Disrespect and broken trust erode what once was inseparable. Like emotional acid, the burn never seems to stop. Perceptions shift as mountains of past hurts, regret, and shame, dissolve through what remained of our commitment.

Intimacy turns inside out and ugly in a moment. Lost and emotionally afraid, we can start to hate the silence.

Conversations change. Sour stirrings of bitterness creep into our words as our wounded hearts seek to hide the truth and carry on without ever resolving the pain.

In time…our emotional reserves run out. Cold, flat, facts replace the warmth once felt, as we drift and float further apart. Apathy is all it takes to lose our relationship. Love and respect replaced by our deep and wary suspicion of ill intent.

HOW DOES THAT HAPPEN ?

Subtly we can lose our grip on reality, as the voices of  twisted truths win the war of trust in our heart. We start to entertain the darkest possible scenarios in our mind, in short…we imagine the worst, believing internal ‘whispers of warning‘ about events that have never even occurred yet.
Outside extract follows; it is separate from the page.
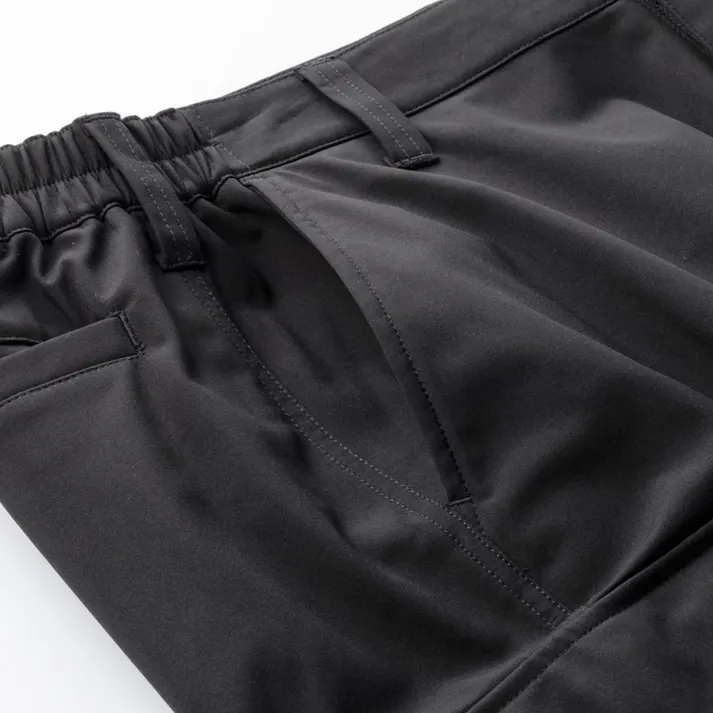 Hot fine ボンディング カーゴパンツ ブラック L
Over time we can become so ‘convinced’ that we’re in the right to doubt others, we forget to even ask ourselves if they actually did anything to hurt us. Sometimes we can imagine offense by projecting past offenses or hurts into our present. Internal ‘perceptions become reality and our cynical imagination builds an elaborate dungeon of distrust. Once we surrender to those thoughts and fears, we can lose sight of what once was compassion and optimistic hope for one another.

Over time we can even start to predict that all kinds of people will eventually hurt or betray us, and in a paranoid attempt to protect ourselves, we withdraw from relationships before any of that happens. anxiety

The community of faith that Christ calls us to live in can’t survive long with our imaginations working on overdrive. We have to push back our fears and anxiety as we learn to ‘trust’ the hearts of others are actually ‘good. 

The bible describes these internal fear thoughts and ‘imaginations’ as legitimate spiritual ‘warfare’ ! A real life reality for the believer to accept and anticipate if we are going to make our relationships work.

We need to consciously prepare to defend our friendships,marriages and sanity, by choosing to remember God’s truth in those moments when we ‘feel’ the darkness of doubt, fear, and suspicion begin creeping into our thoughts.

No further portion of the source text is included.